Training Course - Workshop
Charged Event - Fee TBC
Registration open soon
This training course aims to bring the ideas and benefits of test-driven development to the arena of data analysis, augmenting and adapting those ideas as appropriate. We will introduce attendees to testing data at all stages of processing and the data processes themselves.
We will use the open source Python TDDA library (test-driven data analysis), available with pip from PyPI, and in source form on Github, to support this. We will work primarily with data in CSV files and Pandas DataFrames for hands-on work, but will also illustrate testing data in relational databases such as Postgres. The methods and tools are applicable to structured data and data pipelines using any software, not just Python.
There will be two core sections to the course, both supported by the TDDA library.
1. Testing Data Processes and Pipelines
We will introduce the idea of a reference test, which is a lot like a system or integration test for an analytical process. We will show how these can be written for various kinds of analytical processes over different data types, and then tested using either Python's built-in unittest module or the popular pytest library. Topics covered will include
- Motivation for and introduction to testing
- Special considerations for testing analytical software and processes
- Testing outputs that are not always identical (because of reasons like version number, dates, host names, randomized identifiers, permuted outputs etc)
- Automatically saving outputs from failing tests to file
- Support for comparing failing outputs and expected ("reference") outputs with "diff" and similar tools
- Automatic regeneration of reference outputs after verified changes
- Running subsets of tests easily using tagging.
2. Using AI to Generate Constraints from Data and their use for Detecting Bad Data
We will introduce the idea of using constraints to check ("verify") data in various ways, including identification of change, outliers, duplicates, missing values, disallowed values, out-of-sequence dates and strings that fail to conform to an expected structure. Advanced string verification methods covered will include automatic generation of regular expressions to characterise patterns in text data using the rexpy module, which is integrated as part of the TDDA library.
We will then show how the TDDA library can be used not only to verify data against constraints, and to detect failing records and values, but also how it can generate suitable constraints directly from data.
Attendees will need to provide a laptop (Mac, Linux or Windows) with a suitable working Python, and with NumPy, Pandas and the TDDA library installed.

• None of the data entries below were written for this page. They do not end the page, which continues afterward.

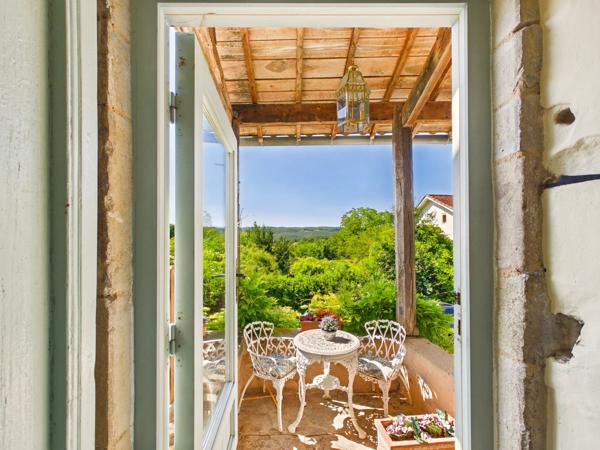 Secteur Tarn-et-Garonne. Maison de village bien équipée avec de bonnes pièces et un jardin attrayant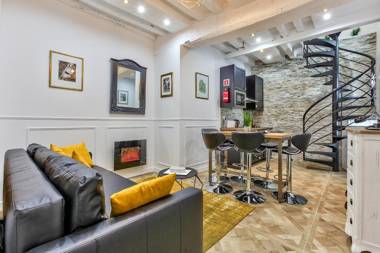 32 Atelier Paris Fashion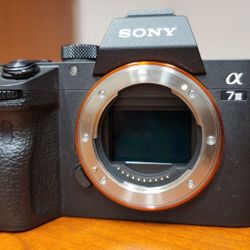Sony A 7iii Mirrorless Camera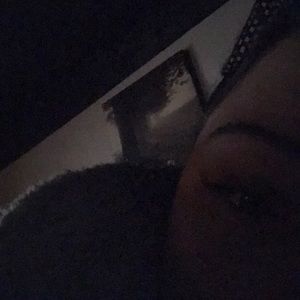 Meet your Posher, Katelyn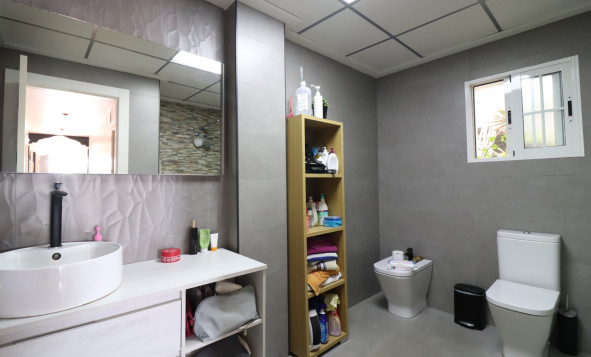 Herverkoop - 3. Halfvrijstaand huis - Almoradí - Costa Blanca Zuid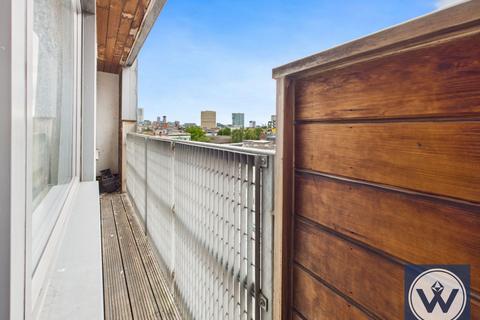 2 bedroom apartment for sale, Express Networks, 6 Oldham Road M4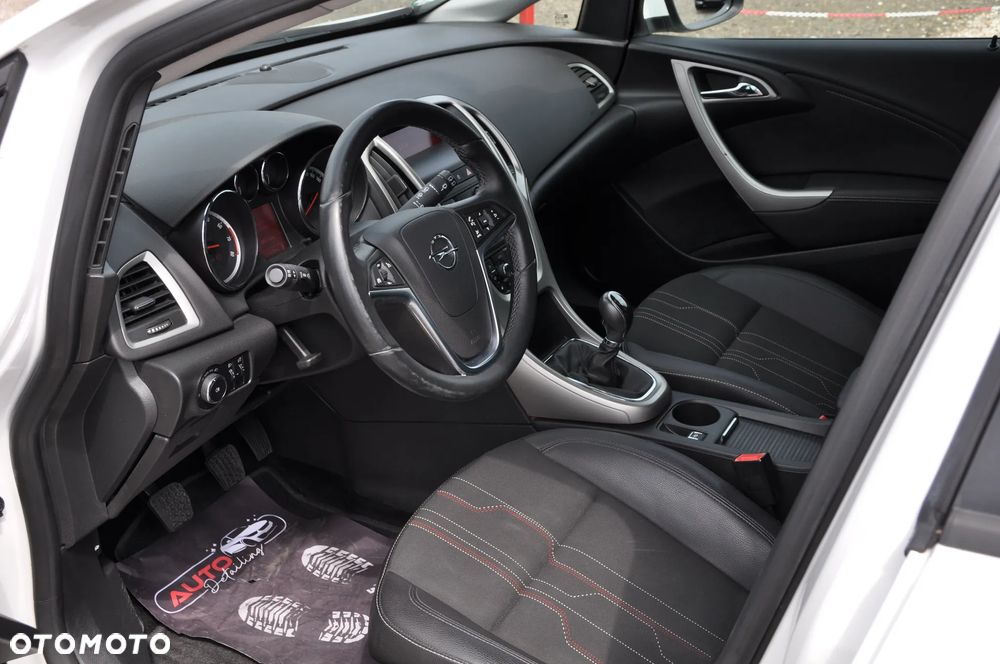 Opel Astra 1.4 Turbo 150 Jahre - 10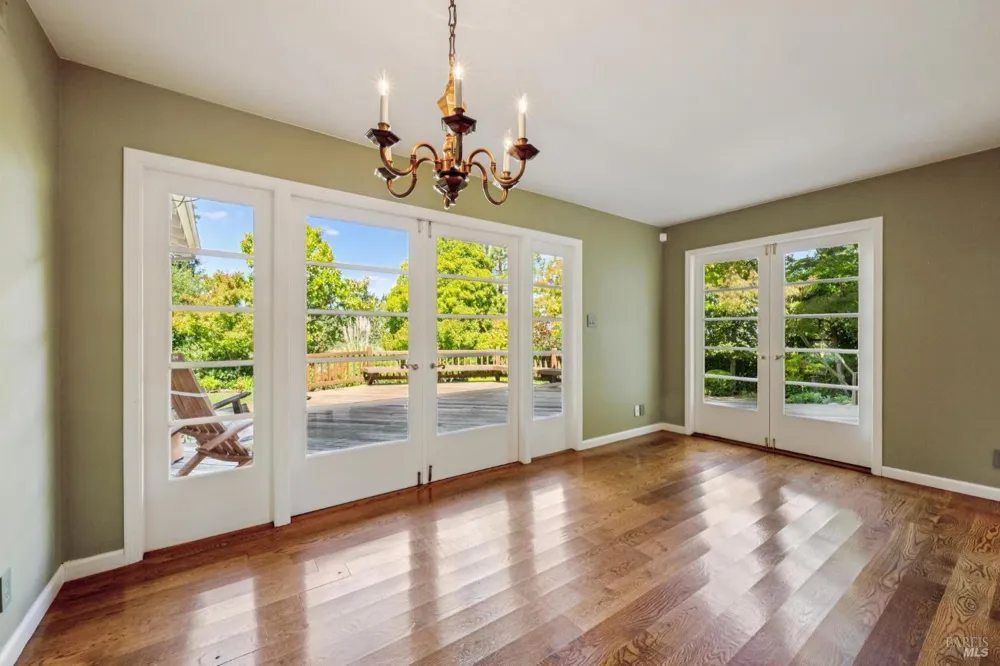 70 Corte Arriba Court Novato, CA 94949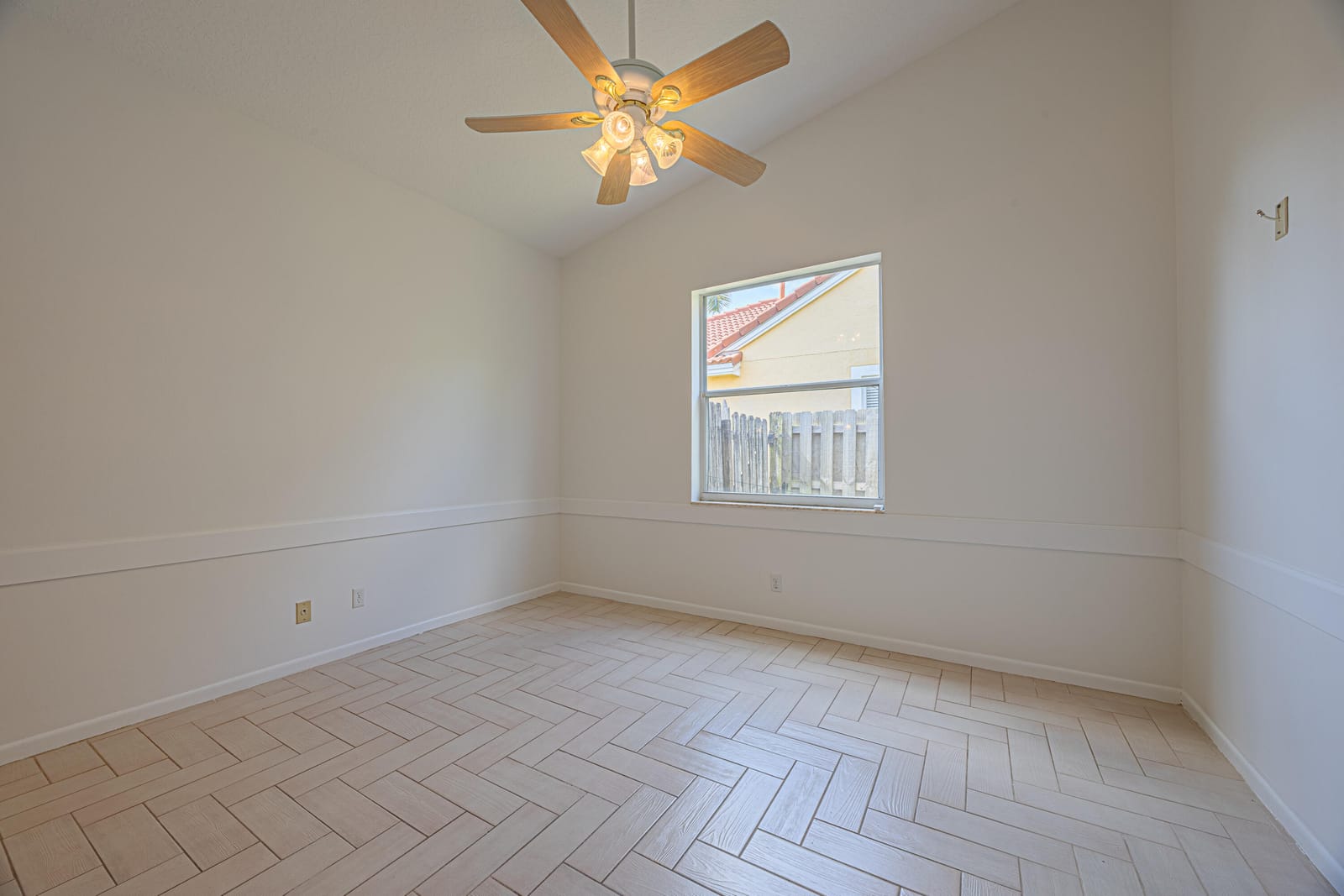 10206 ALLAMANDA Boulevard — photo 10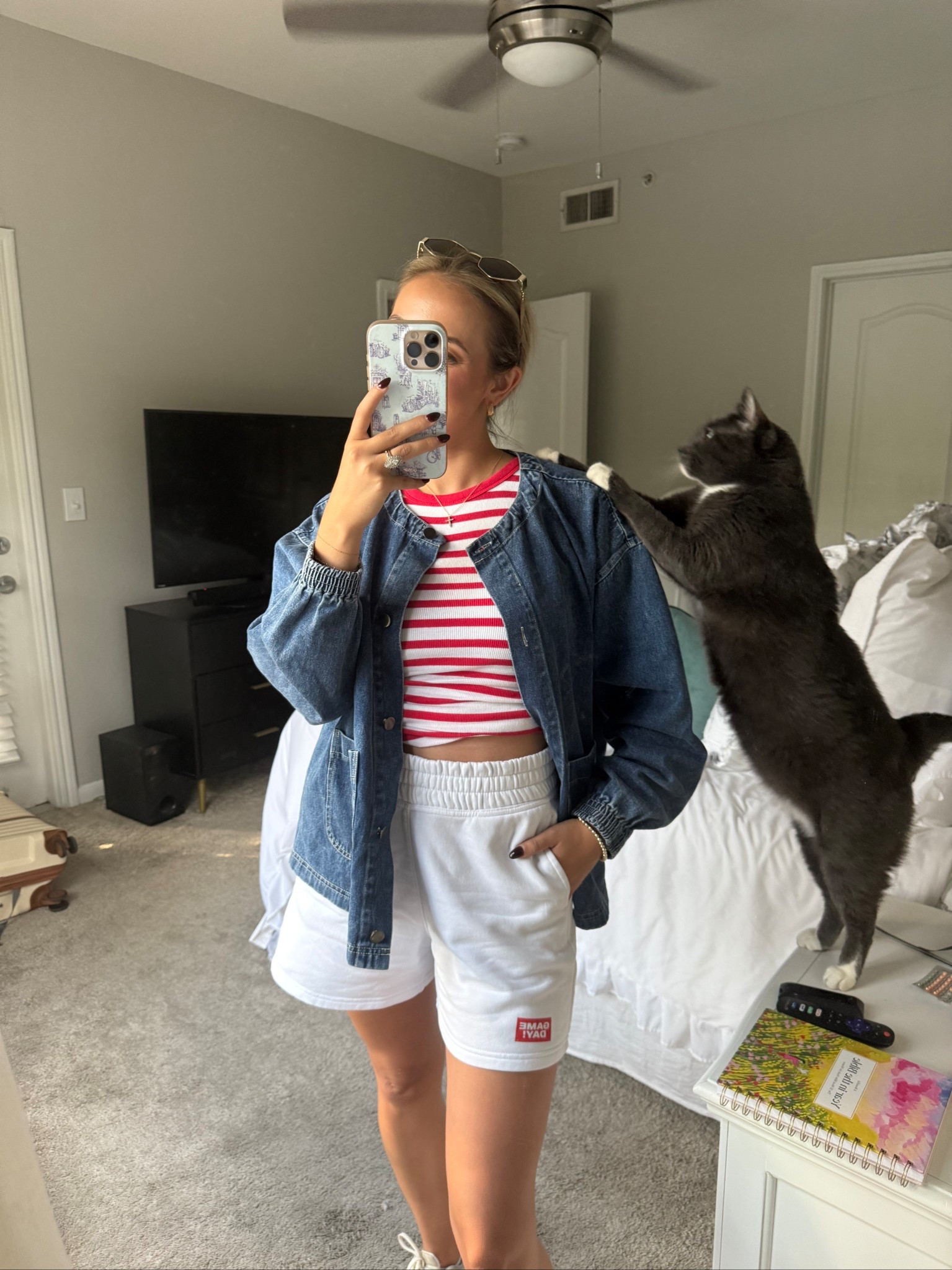 15% off at riffraff with code KENZIE15

Casual everyday outfit. Denim jacket layered over a striped target tank and relaxed boxer shorts. Cute game day outfit idea for watching the game at home! 

#LTKStyleTip #LTKFindsUnder50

People are welcome to work in pairs.
- We recommend Python 3.7; Python 2.7 and 3.6 will also work
- The Pandas library for processing with DataFrames should be installed (pip install pandas); this will also install NumPy if you don't already have it.
- The TDDA library should be installed (pip install tdda). This includes the example data required for the training.
Detailed instructions on system configuration will be supplied to registered attendees before the session, as well as instructions for how to test the installation.
The course is primarily aimed at practising data scientists with some familiarity with Python, or programmers coming to data science. Previous experience of testing and Pandas will be advantageous but is not required. As noted above, although the specific library used is Python, the data testing is almost entirely language neutral, and even the testing of data processes can be used with other languages, from within a Python test script.
Non-programmers with an interest in QA for data and data processes will also benefit from some of the overview material, and are welcome to attend, but may struggle with the hands-on parts of the course.
TARGET AUDIENCE SIZE
max 50; viable at 10+